Willk saiu e o outro homem ali presente, o mesmo que lhe cortou o braço mais cedo apenas para fazê-lo gritar, apressou-se até ele e começou a soltar as tiras de couro que o prendiam na cadeira de ferro fundida no chão.
-- Se sabe o que é bom para você, obedeça o mestre.
-- Ele não é... meu m-mestre. -- disse Thomas e se levantou, cambaleante.
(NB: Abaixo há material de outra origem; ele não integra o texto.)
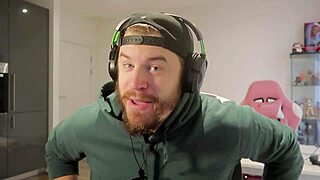 Chemistry Teacher Starts Drama With Big Tits Teen!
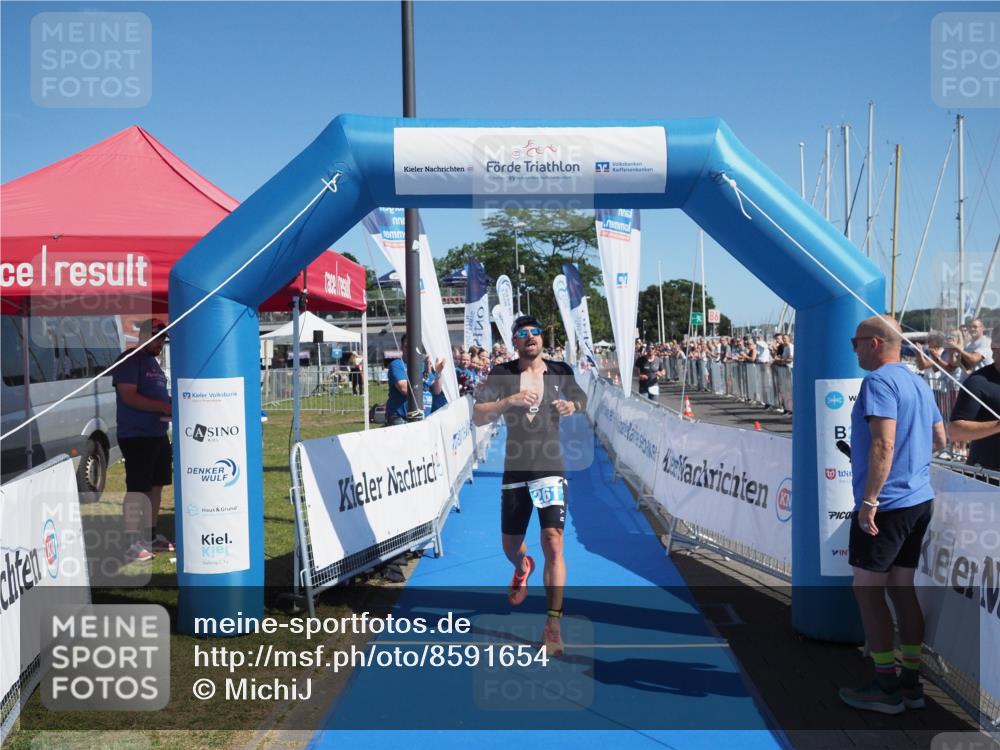 17.08.2025 - KN Förde Triathlon 2025 MichiJ http://msf.ph/oto/8591654 17.08.2025 11:51:47 Laufen 261 meine-sportfotos.de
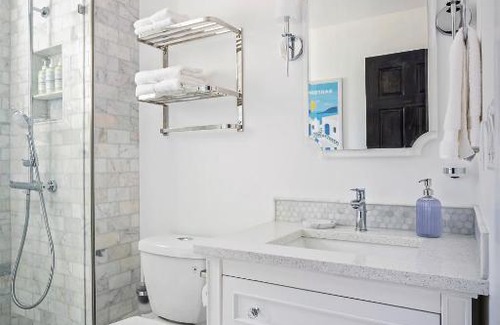 Seminole Heights Apartment | Deluxe 1 BR, BR/Office Apt Near Ybor & Downtown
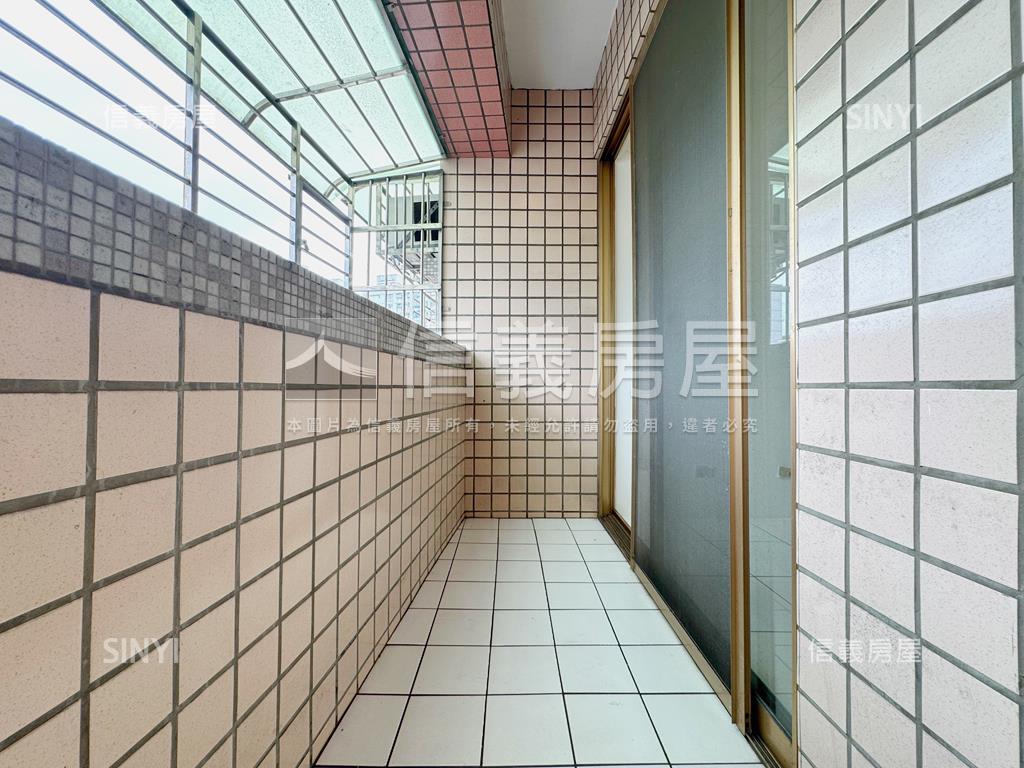 近重劃區華廈方正三房房屋室內格局與周邊環境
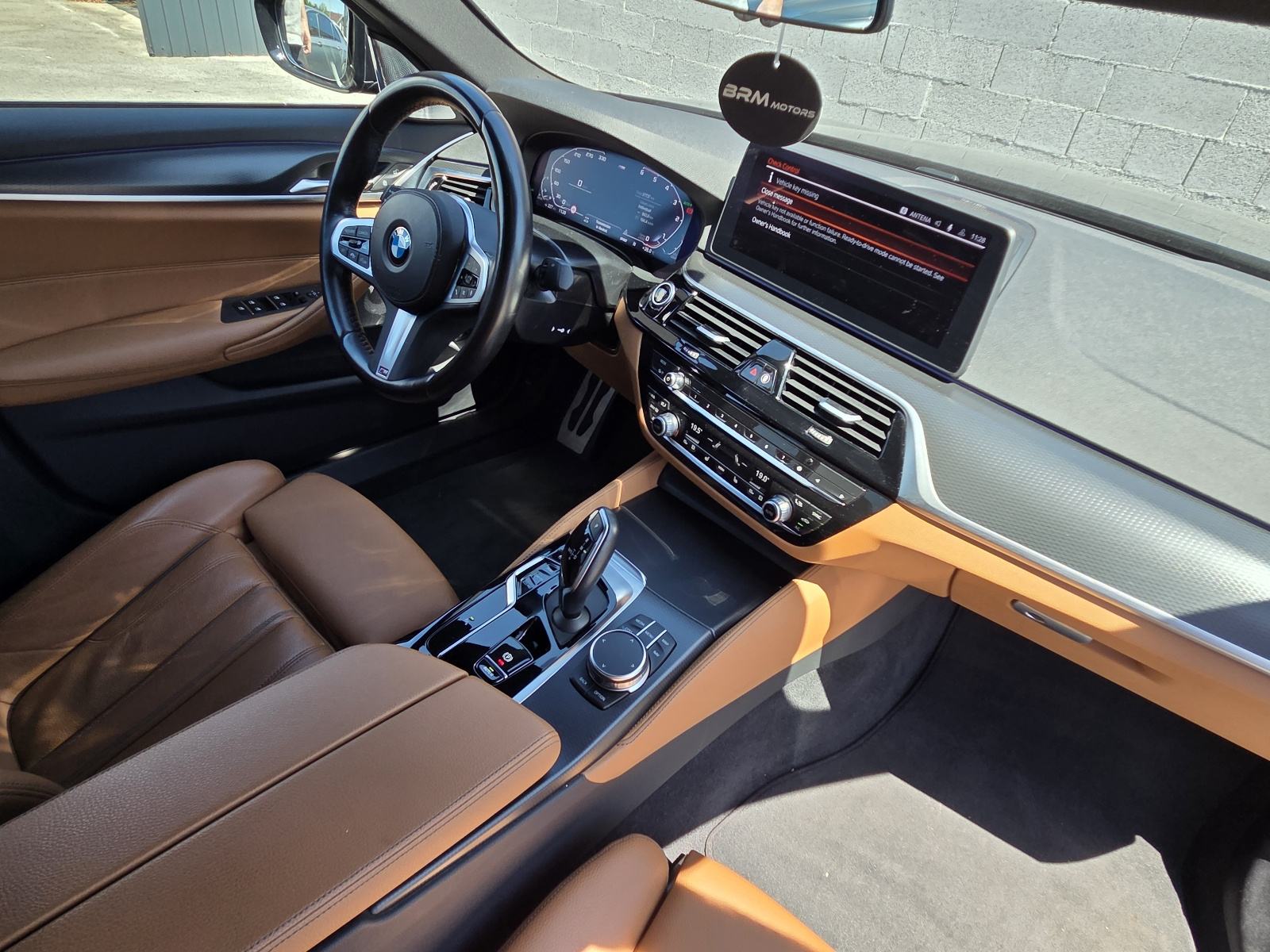 BMW serija 5 M540d Xdrive Msport paket II --2023.g.--28.700km--Novo, fotografija 18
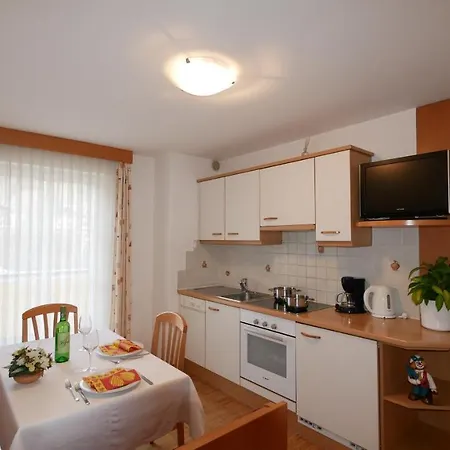Appartmenthotel Elvis 2* Ortisei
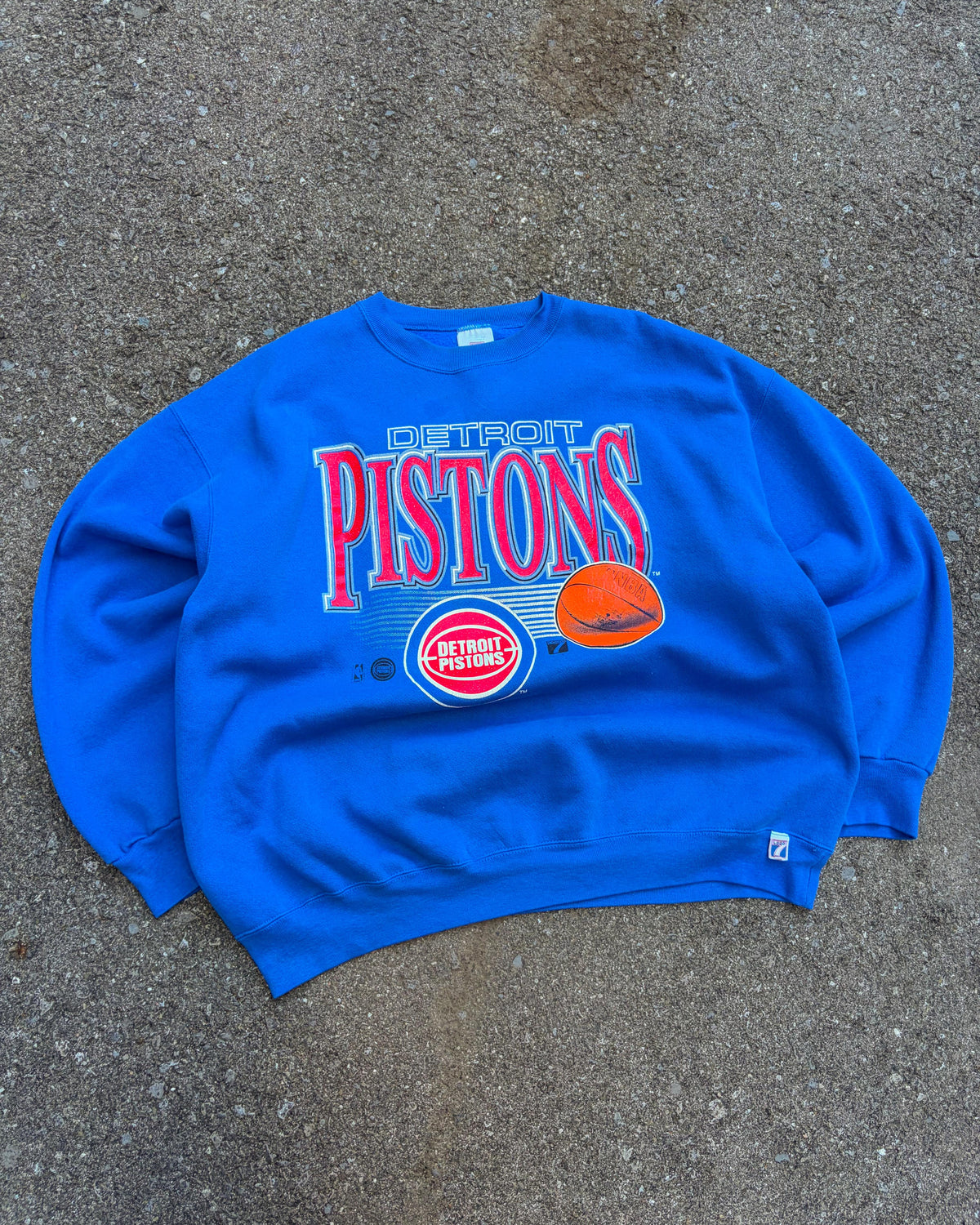 Vintage 90s Detroit Pistons NBA Big Spellout Graphic Crewneck Sweatshirt Size 2XL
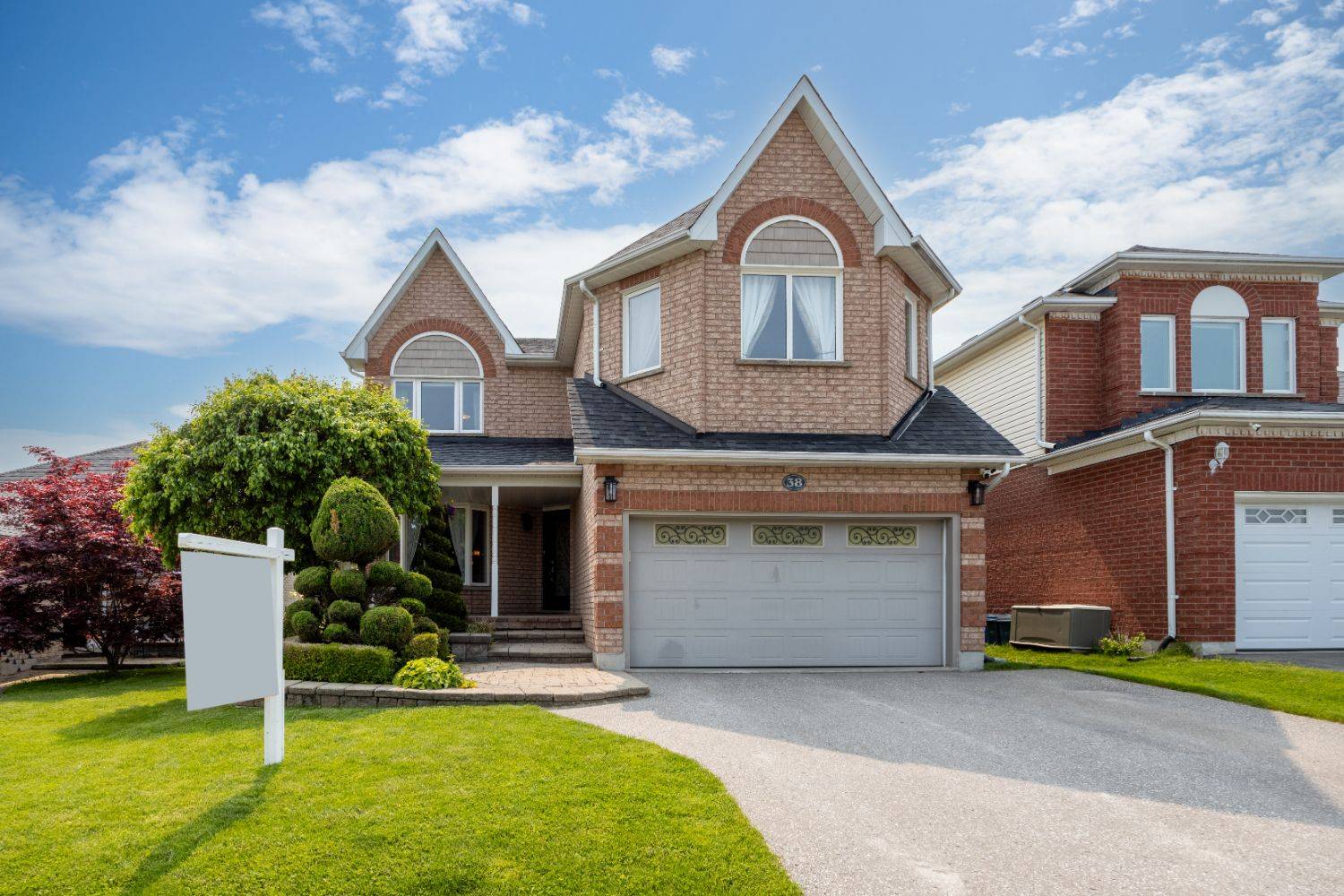Clarington, ON L1C 4L9,38 Apple Blossom BLVD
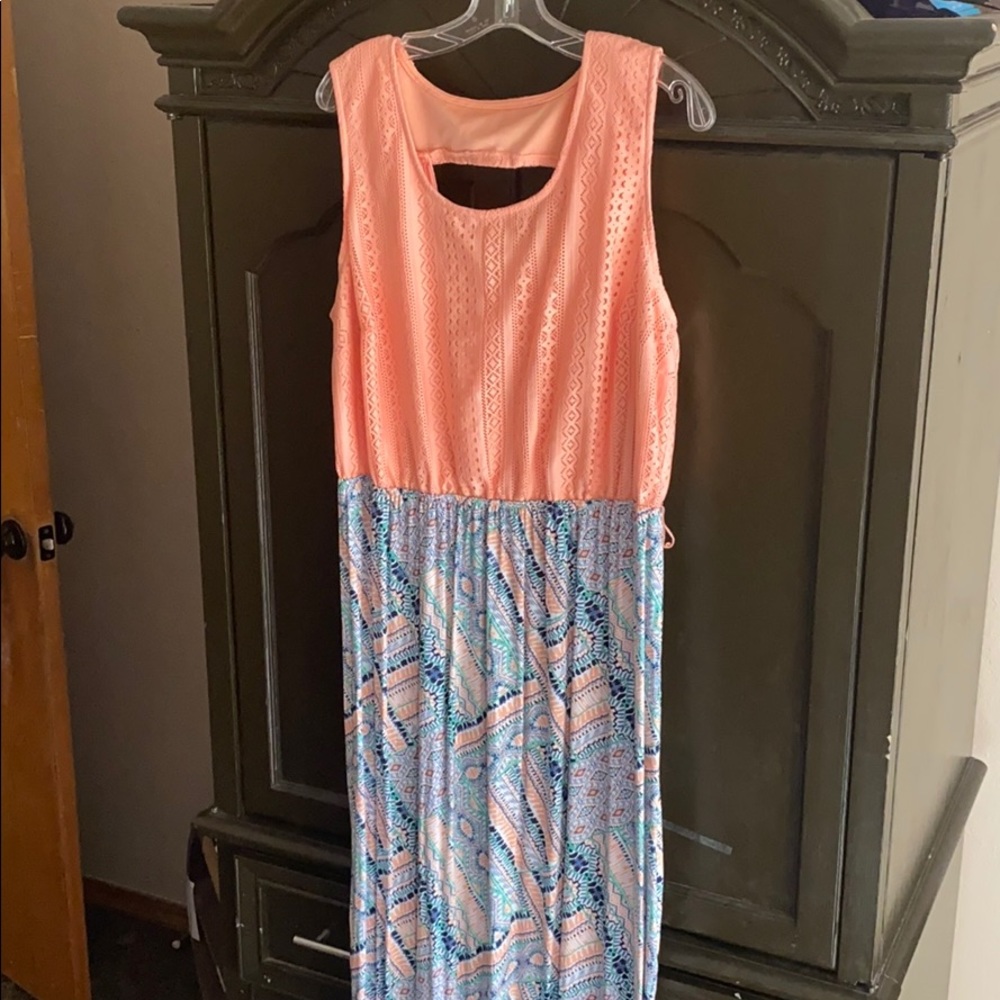 Women’s 2X Maxi Dress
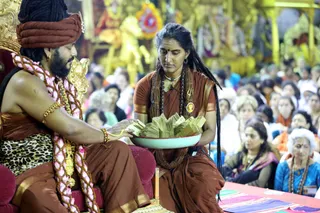 http://nithyananda.org/sites/default/files/photo-gallery/2016-12dec-7th-nithyananda-diary_4H7A6685_bengaluru-aadheenam-sadashivoham-day7-temple-kalabhairava-homa-swamiji.jpg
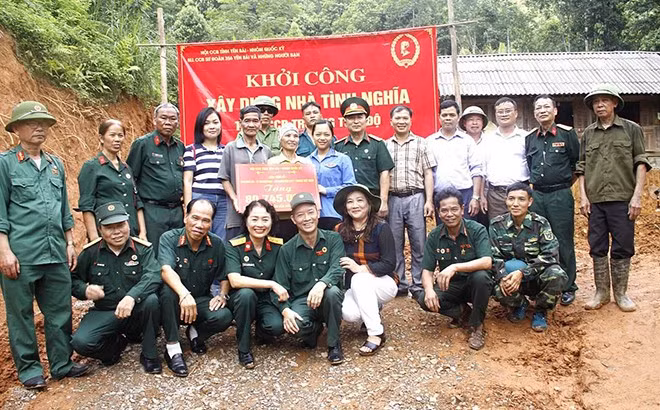 Khởi công xây dựng nhà tình nghĩa cho hội viên cựu chiến binh xã Tân Thịnh, huyện Văn Chấn ảnh 1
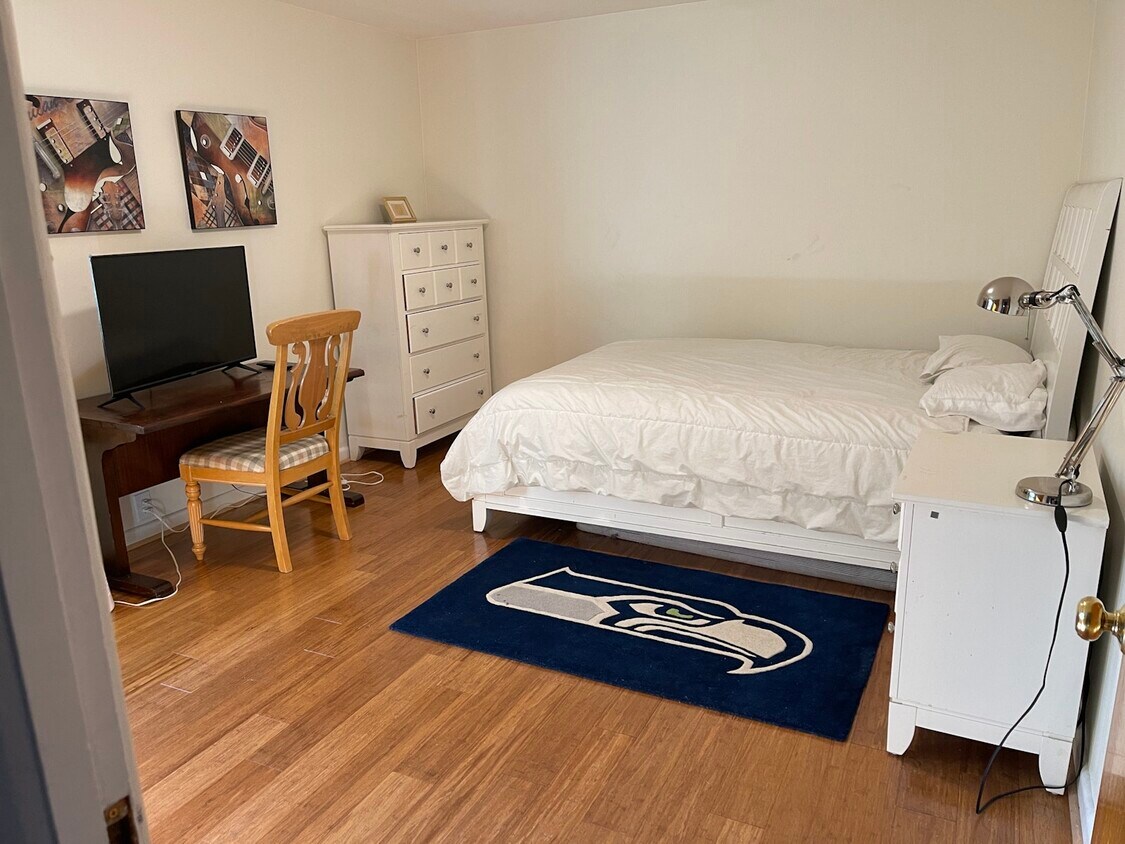 600 E Smith St Unit Bedroom, Kent, WA 98030 Room for Rent in Kent, WA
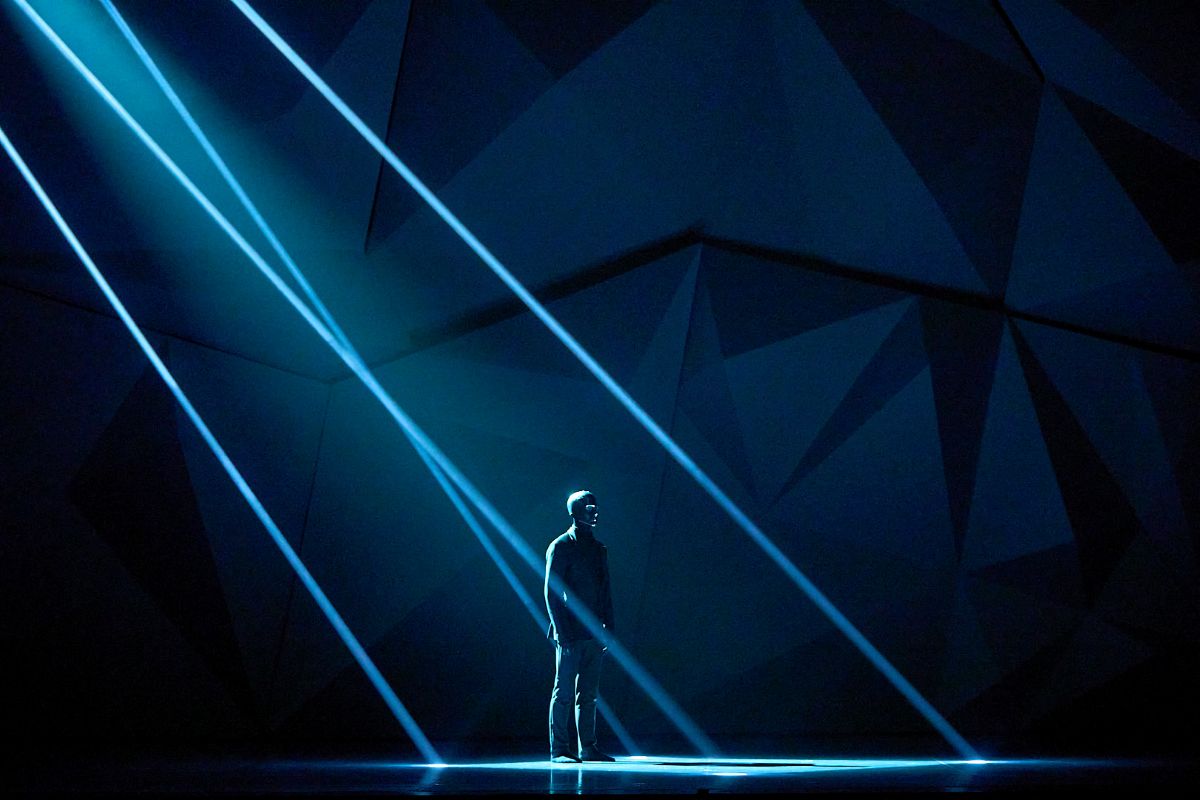 Seul sur scène, Étienne Delorm dans son rôle du Miroir au tout début du spectacle. (Photo : Sasha Onyshenko)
Seus passos eram leves e ele foi mais arrastado até sua cela do que caminhando dignamente. Lá, o homem o abandonou e trancou as grades grossas que pareciam chumbo de tão pesadas, e se foi, com os barulhos de seus passos se distanciando até silenciarem completamente. Finalmente sozinho, Thomas se permitiu dar vazão aos sentimentos que haviam dentro dele. Rancor pela ordem recebida de seu Rei e raiva de si por tê-la cumprido. Socou a parede com toda a sua fúria e tudo o que conseguiu foi mais uma porção de dor. Willk tinha razão, ele não era forte. E nem corajoso. Mal conseguiu aguentar alguns ganchos de direita, como conseguiria suportar tudo o que ainda o aguardava? Sentou-se num amontoado de palha que havia num canto e, por fim, decidiu se deitar. Olhos cinza surgiram em sua mente. Lembrou-se de quando aquela mulher lhe ofereceu todo o seu cantil e desconfiou de que ela sabia que aquela porção de água seria a única que conseguiria naquele dia. Por que fez aquilo? Remorso? Tom duvidava. Queria sentir raiva dela, culpá-la, mas não conseguia. Você é minha missão, ela lhe disse. Não, a culpa não era dela. A mulher ainda não sabia que estava do lado errado daquela guerra. O único culpado era ele, que foi tolo o suficiente para se deixar ser pego tão facilmente, de forma vergonhosa enquanto cumpria seu primeiríssimo trabalho real. Lamentando profundamente que suas últimas horas de vida seriam num calabouço putrído e sobre um monte de palha fedorenta, adormeceu.